▸ **TASK GOAL**
Because the copy must hold no pictures, return the data below with all of its words intact.

▸ **DATASET CONTENT**
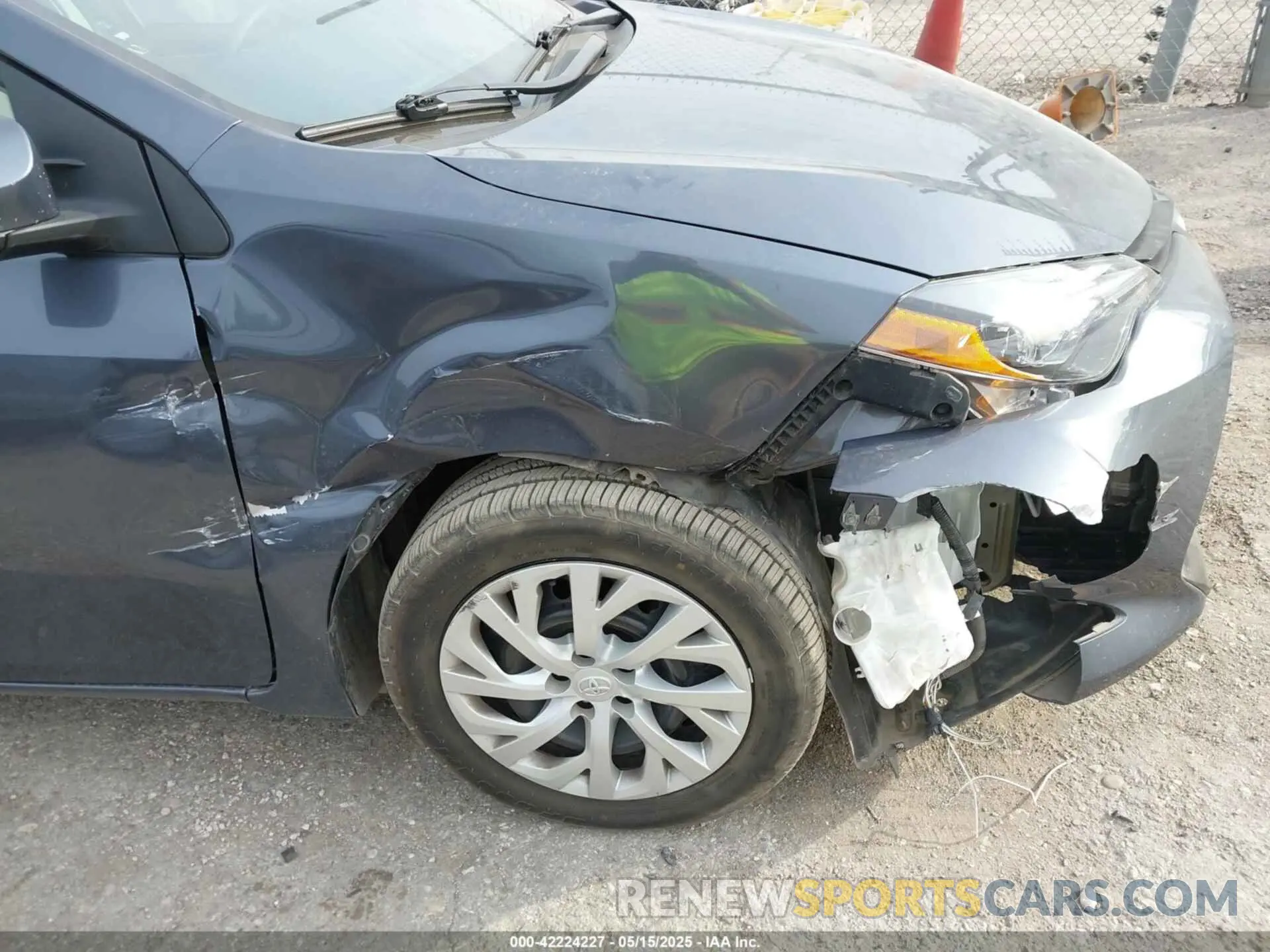 6 Photograph of a damaged car 5YFBURHEXKP863852 TOYOTA COROLLA 2019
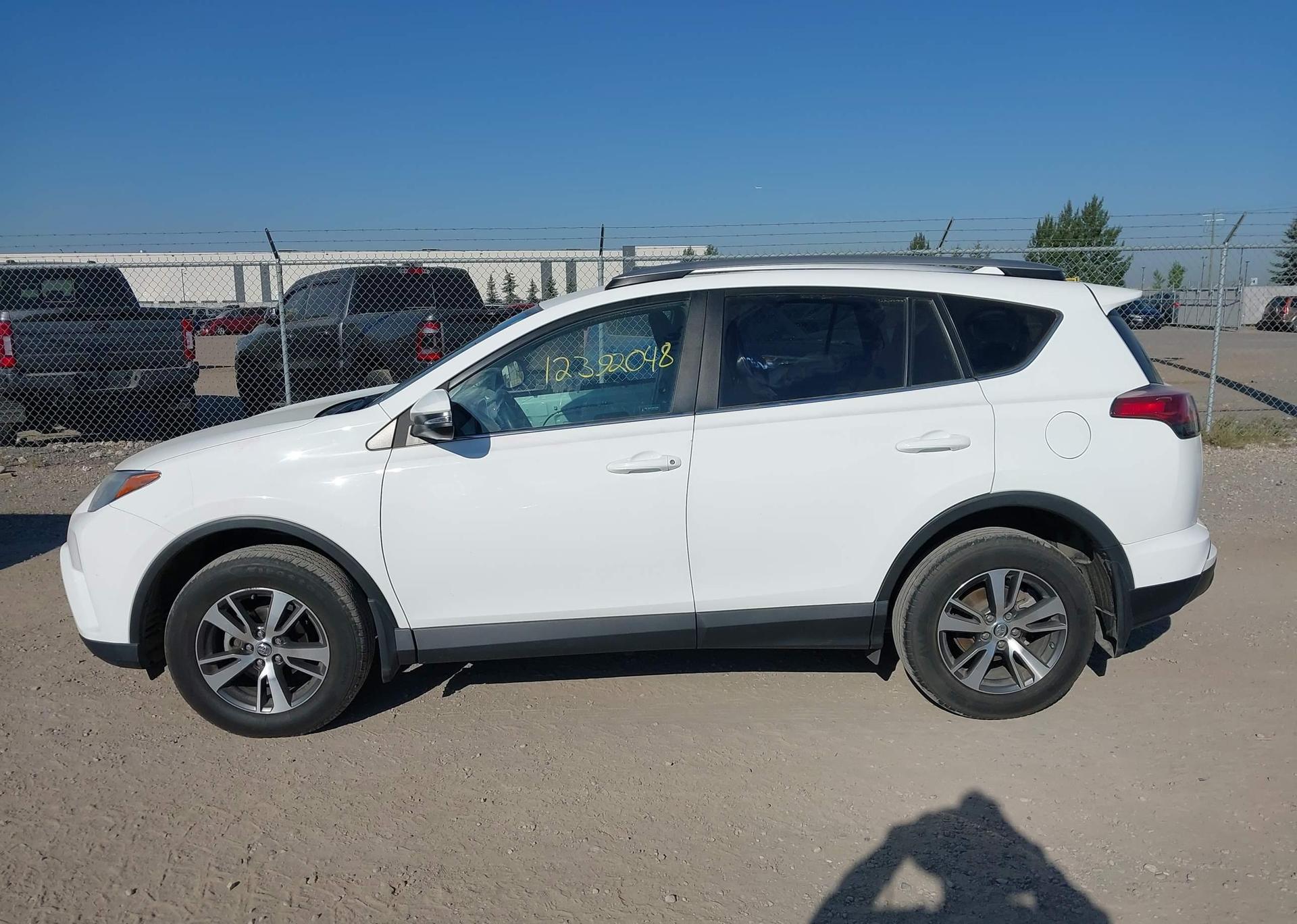 2018 TOYOTA RAV4 LE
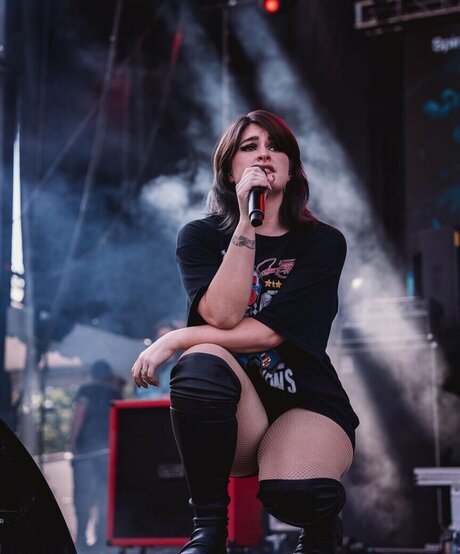 Courtney LaPlante model porn pictures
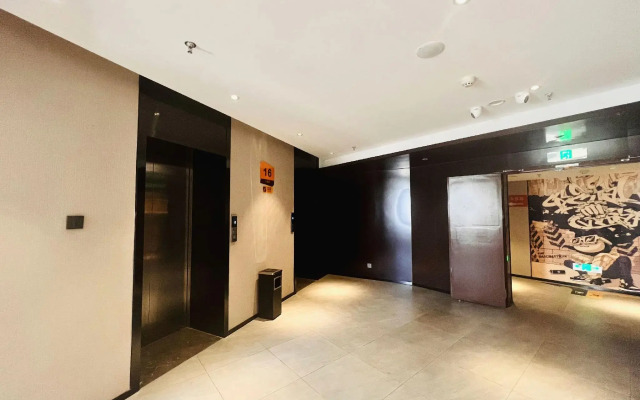 7 Days Premium Changsha Wuyi Plaza Metro Station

▸ **WRITTEN ANSWER**
 6 Photograph of a damaged car 5YFBURHEXKP863852 TOYOTA COROLLA 2019
 2018 TOYOTA RAV4 LE
 Courtney LaPlante model porn pictures
 7 Days Premium Changsha Wuyi Plaza Metro Station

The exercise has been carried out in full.